◆ **WHAT IS EXPECTED**: Output all the data exactly. Pictures do not belong in the copy.

MATERIAL PROVIDED Block Start

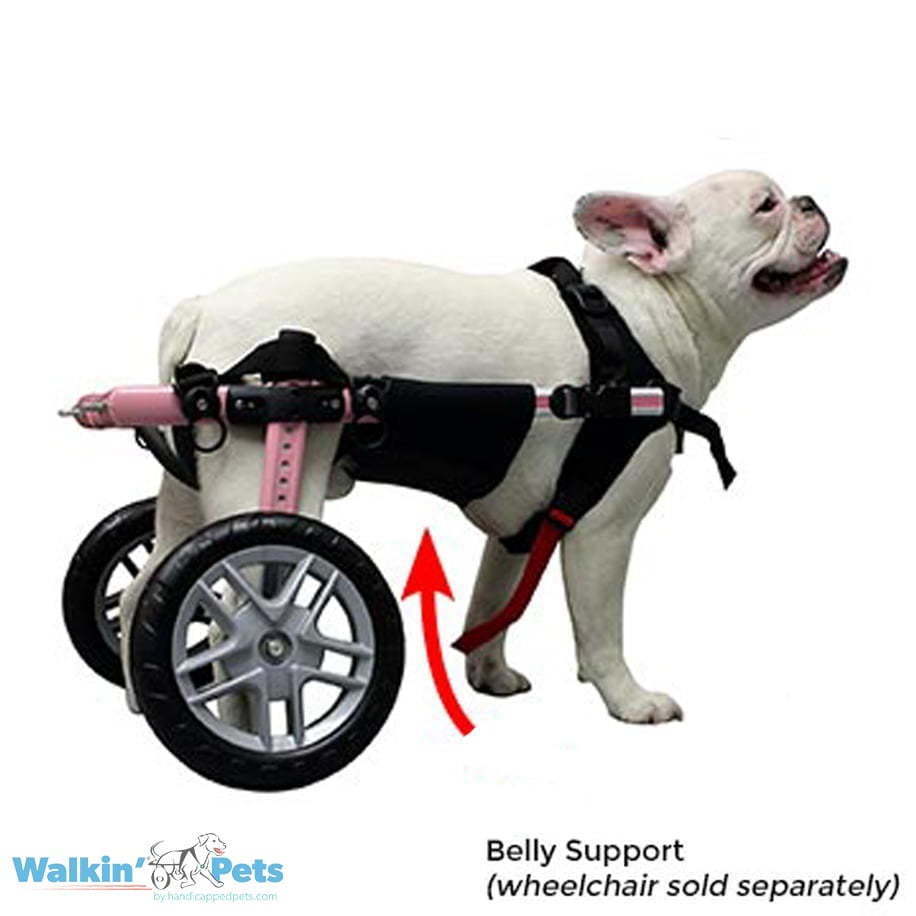 Soporte de vientre - Accesorio para silla Walkin2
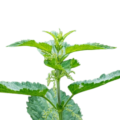 Nettle Leaf profile picture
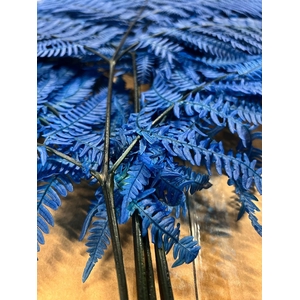 GESTABILISEERD VAREN BLAUW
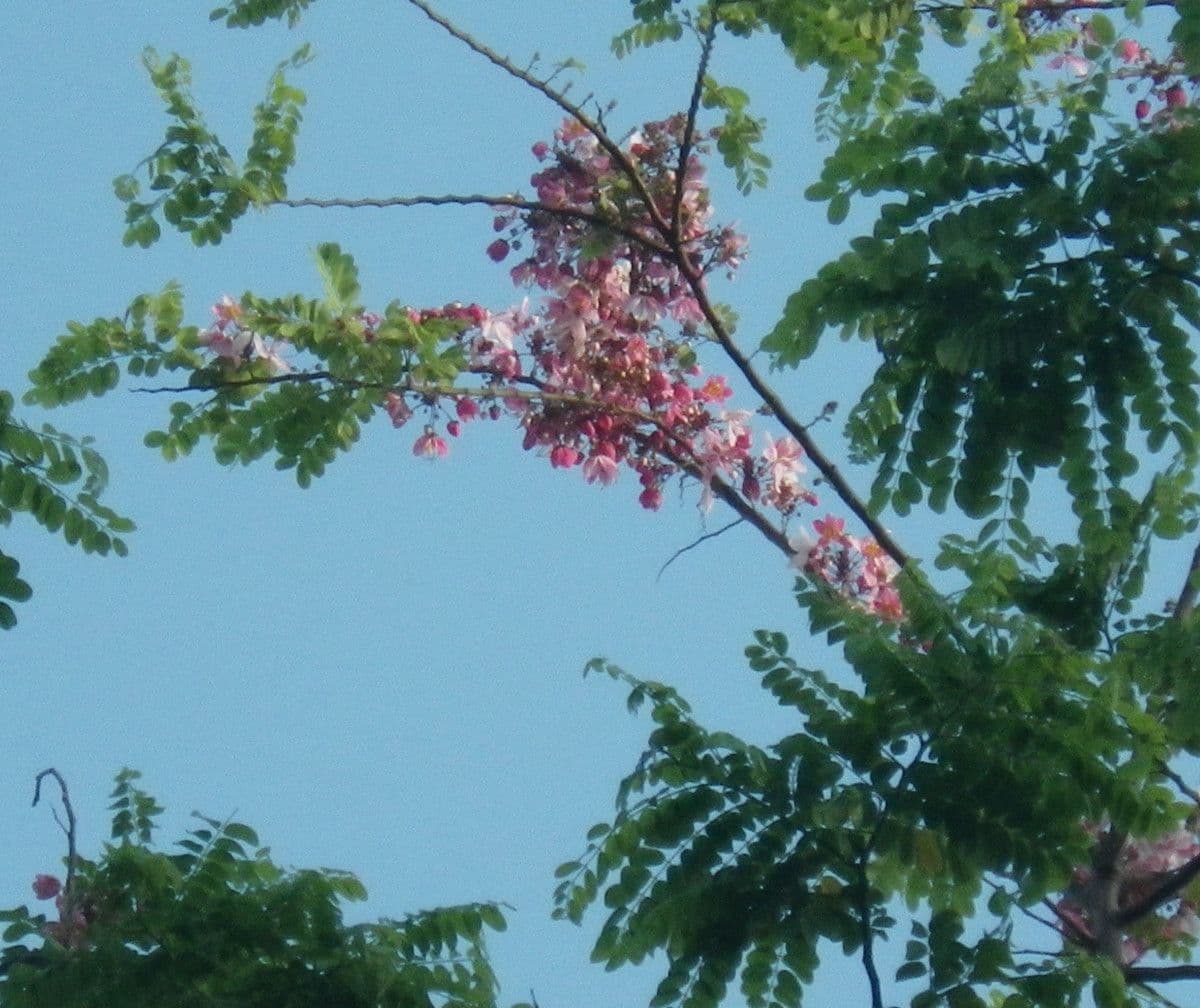 Cassia de Java 30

MATERIAL PROVIDED Block End

◆ **SOLUTION**:
 Soporte de vientre - Accesorio para silla Walkin2
 Nettle Leaf profile picture
 GESTABILISEERD VAREN BLAUW
 Cassia de Java 30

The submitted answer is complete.